THE extreme makeover of a Portage Avenue blemish -- turning it into a 59-apartment block -- has spread to a second building next door.
Developers Mark and Rick Hofer's project to renovate the Avenue Building at 265 Portage Ave., which has sat empty for a decade, now includes the Hample Building immediately to the west, Mark Hofer said Tuesday.
Hofer said the plan is to add 12 more apartments, commercial space and up to 40 underground parking spots.
He said he and his brother believe they'll have no difficulty finding renters for the one-bedroom apartments, which will go for about $650 to $950 a month when finished in 12 to 16 months.
"I think people that are going to try to live downtown, trying to stimulate downtown, making them buy a $250,000 to $500,000 condo, for sure there's a market there, but to bring some of the young people, vibrant people, I think it has to be a rental option," he said.
"I don't know how many students can afford $200,000 to $300,000 for a condo."

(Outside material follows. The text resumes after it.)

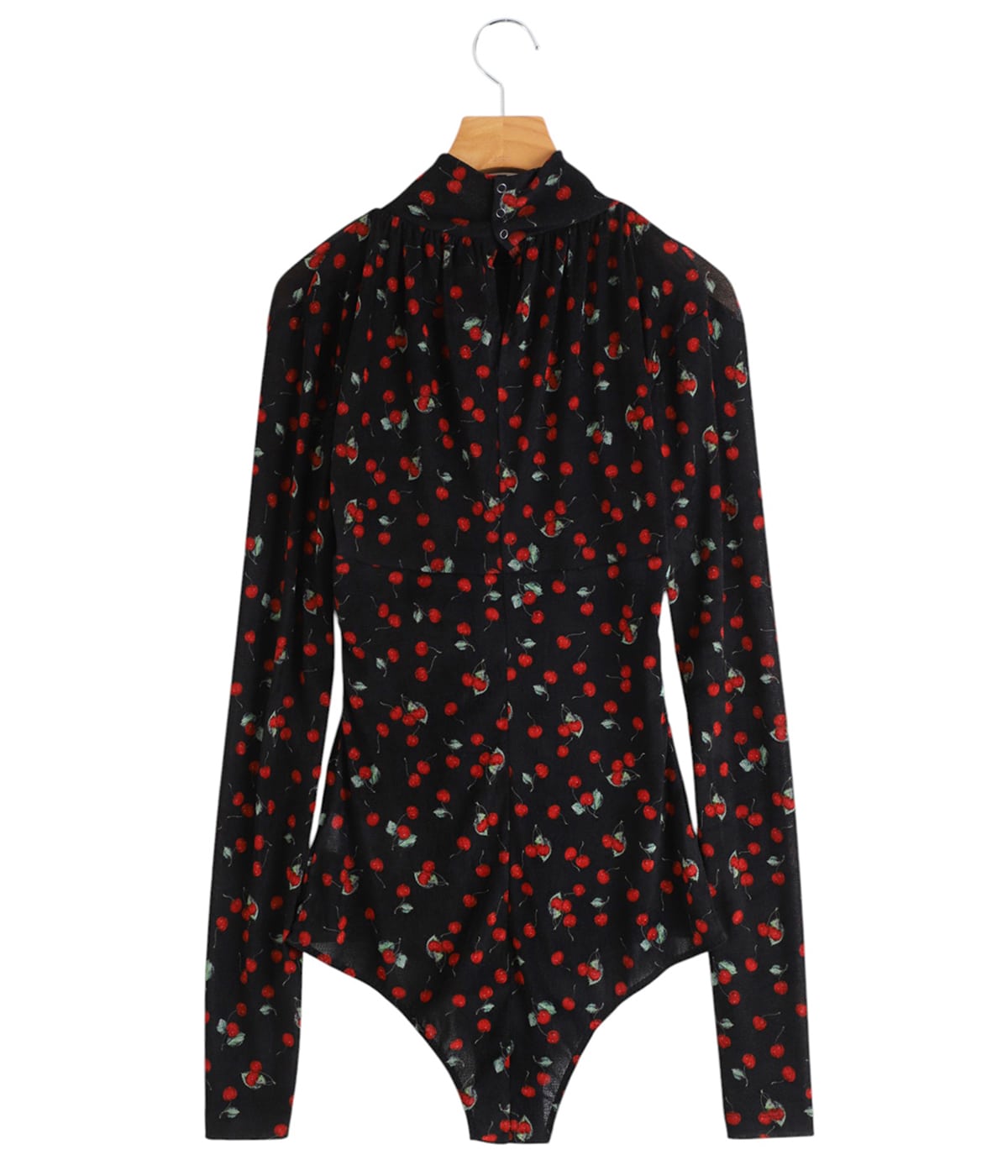 FETICO フェティコFLORAL PRINT VELOUR BODYSUTS FETICO】 CUT-OUT BUSTIER JUMPSUIT / FLORAL PRINT TURTLE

Hofer said more people living downtown brings with it more business, such as restaurants and stores, which in turn attracts more people.

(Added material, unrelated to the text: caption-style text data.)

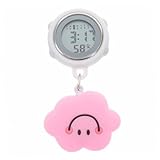 Cronómetro portátil digital para enfermera: con una forma encantadora, este reloj de bolsillo es un regalo impresionante y único para un que trabaja en el hospital, pequeño reloj retráctil para enfermeras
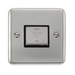 Scolmore DPCH520BK - 10AX Ingot 3 Pole Fan Isolation Plate Switch - Black Deco Plus Scolmore - Sparks Warehouse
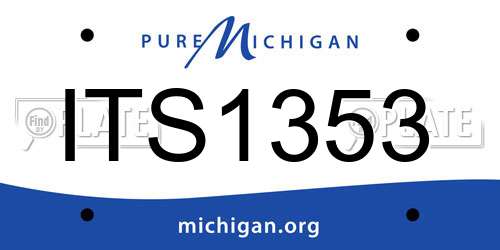 ITS1353 Michigan License Plate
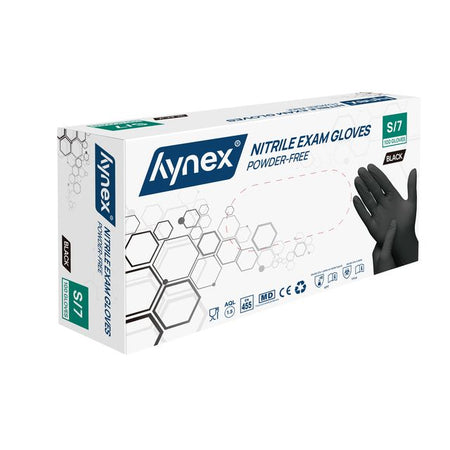 Hynex - Gant S nitrile noir pack de 100 pièces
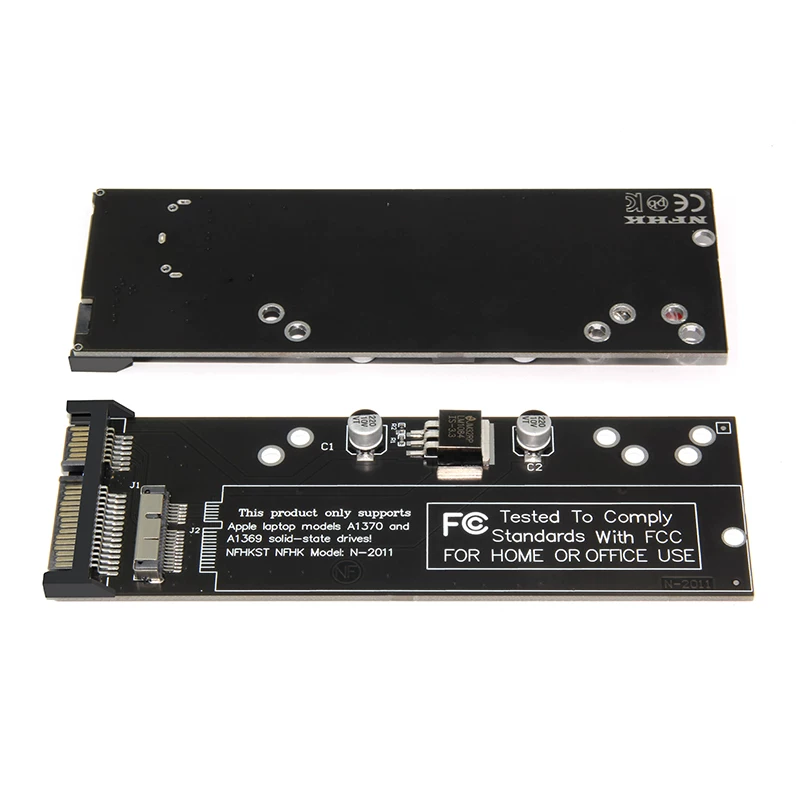 Thích hợp cho các mẫu máy tính xách tay Apple Air 2010 và 2011, ổ cứng thể rắn SSD sang thẻ chuyển đổi giao diện SATA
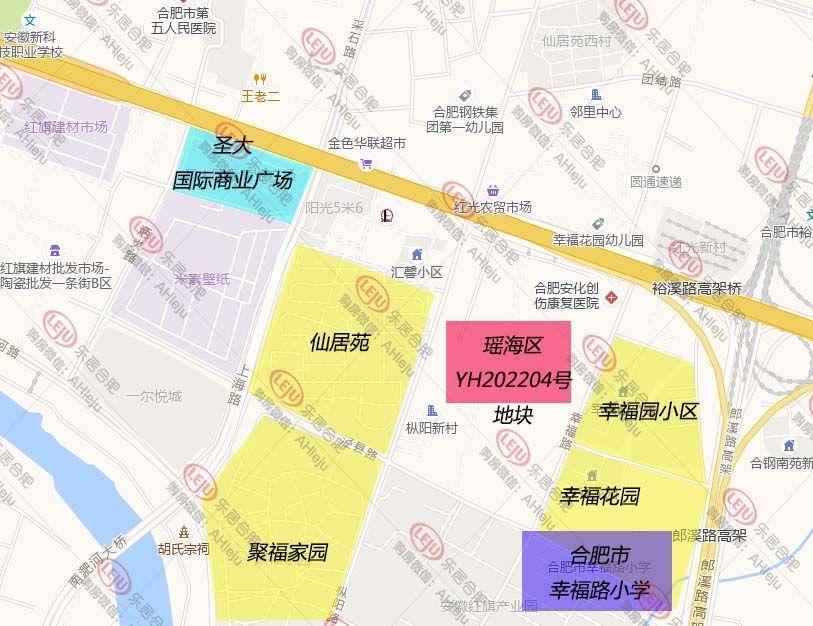 瑶海区4宗326亩地将出让，最高毛坯限价1.57万/平|乐居追地| 出让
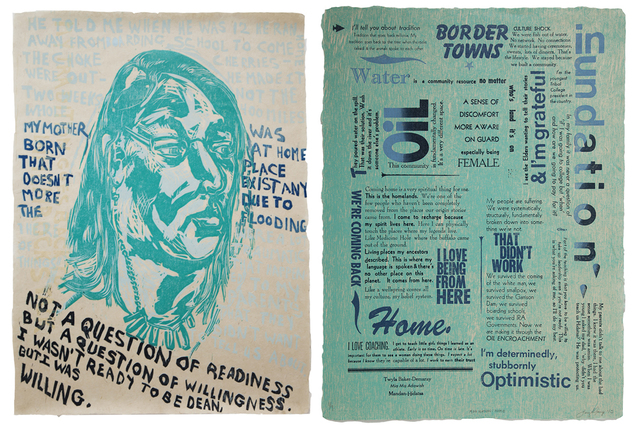 Daniel Heyman, ‘In Our Own Words: Native Impressions: That Place Doesn't Exist Anymore’, 2015-2016, Cade Tompkins Projects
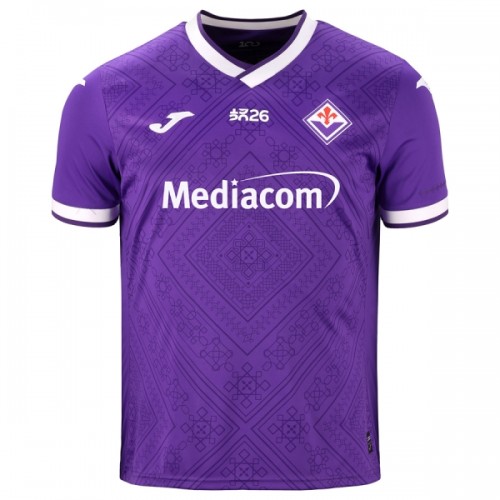 Fotballtrøye AC Fiorentina Hjemmedrakt 2026-27 Kortermet Fotballtrøye AC Fiorentina Hjemmedrakt 2026-27 Kortermet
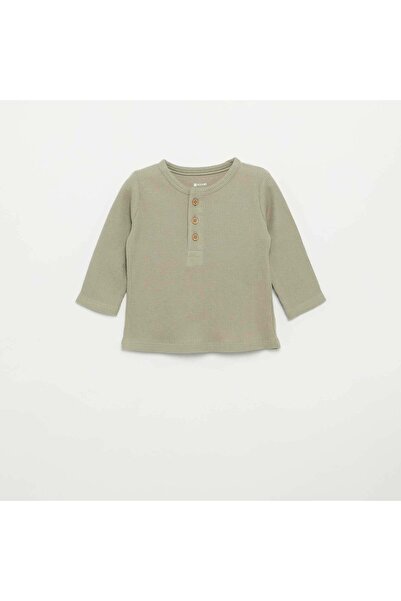 KIABI Henley T-shirt GREEN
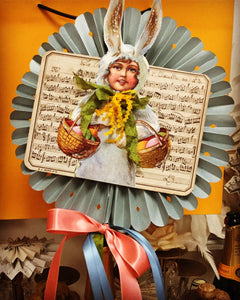 Easter Whimsy Pinwheel Kit or Printable Files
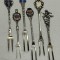 SET 6 FURCULITE ARGINT 835 - Pt aperitiv - Suvenir Germania - 44g. - Vintage
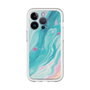 Slim Protection Premium Case［ Color Rain - Original - Serene Wave ］
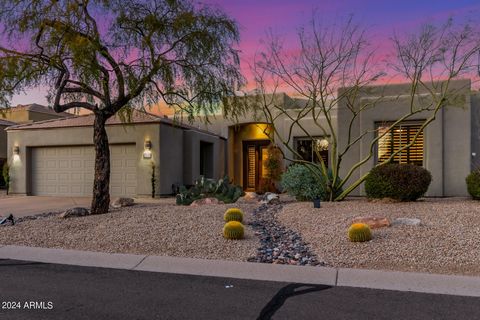 An updated 3BD/2.5BA/2Car contemporary home in North Scottsdale's coveted Troon North area. This single-story home offers a functionally designed split floor plan with abundant natural light, travertine flooring, a gas fireplace, high-end materials &...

"Look at every other city in North America. The downtown has a significant amount of living. Why is Winnipeg any different? Any other thriving city has downtown living."

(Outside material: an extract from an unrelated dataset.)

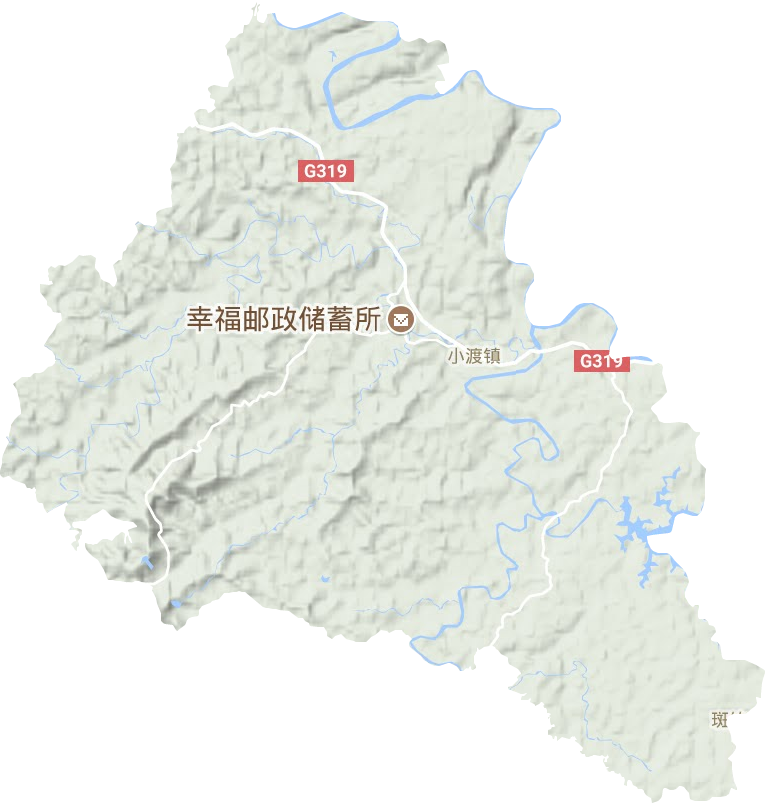 小渡鎮地形圖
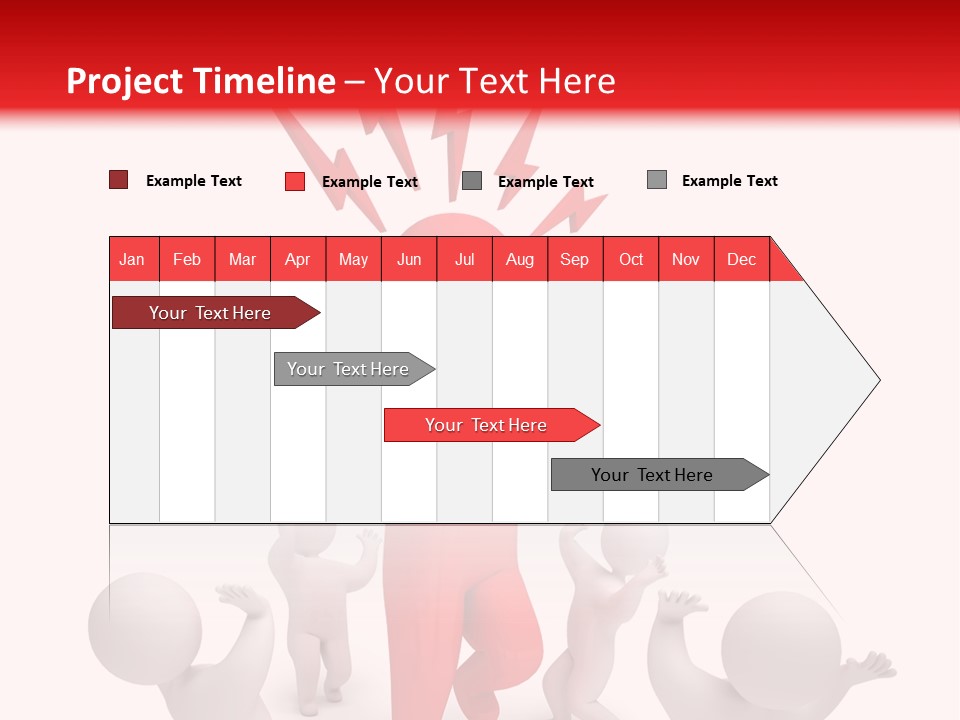 Rage Kid Figure PowerPoint Template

The ground floor of the renovated Avenue Building, a former six-storey office building, will be used for commercial space which Hofer said he did not see any problem filling. The rooftop of the building will have a patio to be shared by all tenants.
Hofer made his comments as both the province and city announced their participation in the $8.5 million project.
Premier Greg Selinger and Mayor Sam Katz said the Hofers are being given $676,000 in civic and provincial Tax Incremental Financing (TIF) grants, an additional provincial grant of $575,000 and a city grant of $800,000.
The Hofers renovated a 104-year-old former warehouse at 230 Princess St. last year, converting it into apartments and commercial space.
It's now call the now called The Edge on Princess and it's 100 per cent occupied.
"These projects, it takes a lot of passion," Hofer said. "You have to care about them and love them and we do."